DATASET RECORDS —

= = =

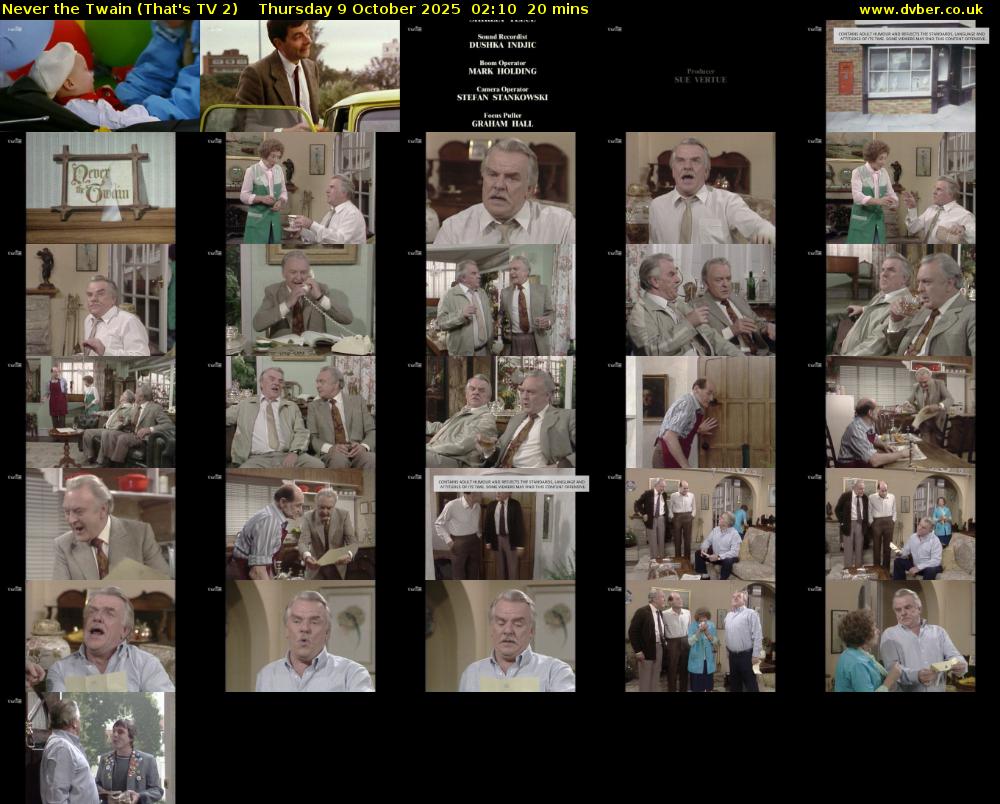 Never the Twain (That's TV 2) Thursday 9 October 2025 02:10 - 02:30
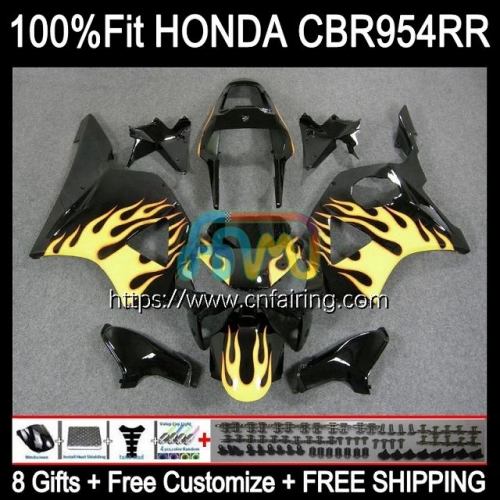 Injection Body For HONDA CBR900RR CBR954RR CBR 900 954 RR CC Yellow Flames CBR900 RR CBR954 RR CBR 900RR 02 03 CBR 954RR 2002 2003 OEM Fairing 77HM.40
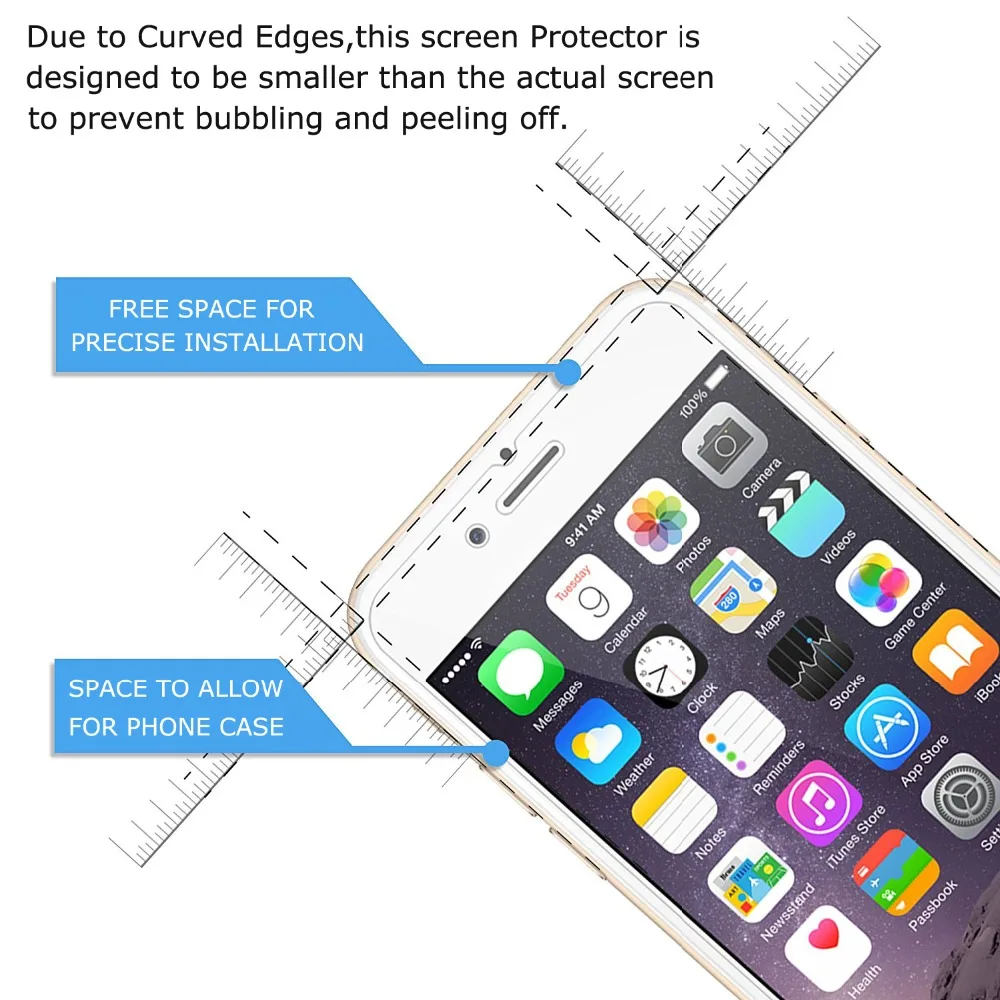 2 шт. в упаковке Akcoo Премиум Закаленное стекло экран протектор для Apple iPhone 6 6S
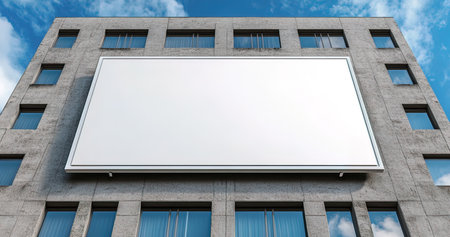Blank white billboard on a modern office building. 3d renderingの写真素材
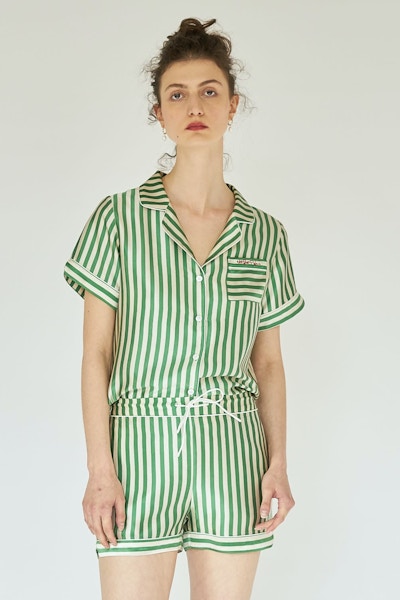 Not Just Pajama Striped Silk Short Pyjamas Set, £255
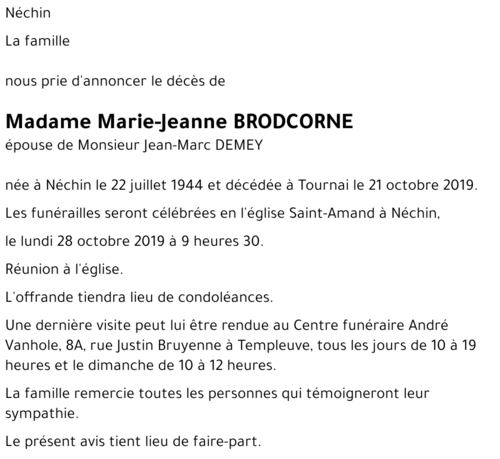 Marie-Jeanne BRODCORNE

= = =

WORK INSTRUCTIONS —
Write out the entries word for word. Skip the pictures.

RESPONSE AREA —
 Never the Twain (That's TV 2) Thursday 9 October 2025 02:10 - 02:30
 Injection Body For HONDA CBR900RR CBR954RR CBR 900 954 RR CC Yellow Flames CBR900 RR CBR954 RR CBR 900RR 02 03 CBR 954RR 2002 2003 OEM Fairing 77HM.40
 2 шт. в упаковке Akcoo Премиум Закаленное стекло экран протектор для Apple iPhone 6 6S
Blank white billboard on a modern office building. 3d renderingの写真素材
 Not Just Pajama Striped Silk Short Pyjamas Set, £255
 Marie-Jeanne BRODCORNE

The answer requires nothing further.